# Thread: Differntiable problem

1. ## Differntiable problem

Suppose that the function $\displaystyle g: \mathbb {R} \rightarrow \mathbb {R}$ is differentiable at $\displaystyle x_0=0$. Also, suppose that for each natural number n, $\displaystyle g( \frac {1}{n} ) = 0$. Prove that $\displaystyle g(0)=g'(0)=0$

I really don't know how to start this one, please give me some hints, thanks!

2. It's been too long since I did proofs so I don't have the language, but the key point to me seems to be that for any tiny distance around x=0, there are an infinite number of points such that g(x)=0. That's because of the second assumption that $\displaystyle g(\frac{1}{n})=0$ for all those large natural numbers. Hope that helps.

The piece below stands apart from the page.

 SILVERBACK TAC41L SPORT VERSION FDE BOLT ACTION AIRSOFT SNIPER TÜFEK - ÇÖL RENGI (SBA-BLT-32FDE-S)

3. Originally Posted by tttcomrader
Suppose that the function $\displaystyle g: \mathbb {R} \rightarrow \mathbb {R}$ is differentiable at $\displaystyle x_0=0$. Also, suppose that for each natural number n, $\displaystyle g( \frac {1}{n} ) = 0$. Prove that $\displaystyle g(0)=g'(0)=0$

I really don't know how to start this one, please give me some hints, thanks!
What tbgh says shows that $\displaystyle g(0)=0$. Indeed, $\displaystyle g$ is continuous at 0 and $\displaystyle \frac{1}{n}\to_n 0$, hence $\displaystyle g(0)=\lim_n g\left(\frac{1}{n}\right)=0$.

Once we know $\displaystyle g(0)=0$, we have, by definition, $\displaystyle g'(0)=\lim_{x\to 0, x\neq 0}\frac{g(x)}{x}$, and this limit is assumed to exist because $\displaystyle g$ is differentiable. Then it is the same as for the first step.